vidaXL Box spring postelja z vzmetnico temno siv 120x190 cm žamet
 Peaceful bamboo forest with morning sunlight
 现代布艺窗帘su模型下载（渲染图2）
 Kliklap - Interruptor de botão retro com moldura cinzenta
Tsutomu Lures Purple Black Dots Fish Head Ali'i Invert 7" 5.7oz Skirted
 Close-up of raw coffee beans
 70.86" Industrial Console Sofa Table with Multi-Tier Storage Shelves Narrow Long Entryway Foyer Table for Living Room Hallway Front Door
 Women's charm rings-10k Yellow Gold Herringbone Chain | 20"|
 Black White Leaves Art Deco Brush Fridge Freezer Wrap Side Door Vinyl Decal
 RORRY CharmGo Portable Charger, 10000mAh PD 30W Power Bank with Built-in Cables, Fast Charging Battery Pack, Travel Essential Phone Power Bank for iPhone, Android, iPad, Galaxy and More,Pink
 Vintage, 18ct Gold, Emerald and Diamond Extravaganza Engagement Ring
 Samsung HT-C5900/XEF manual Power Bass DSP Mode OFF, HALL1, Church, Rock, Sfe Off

++++++++++++++++++++

From the material above, gather all lines that include the string "Gold" and copy them.

 Women's charm rings-10k Yellow Gold Herringbone Chain | 20"|
 Vintage, 18ct Gold, Emerald and Diamond Extravaganza Engagement Ring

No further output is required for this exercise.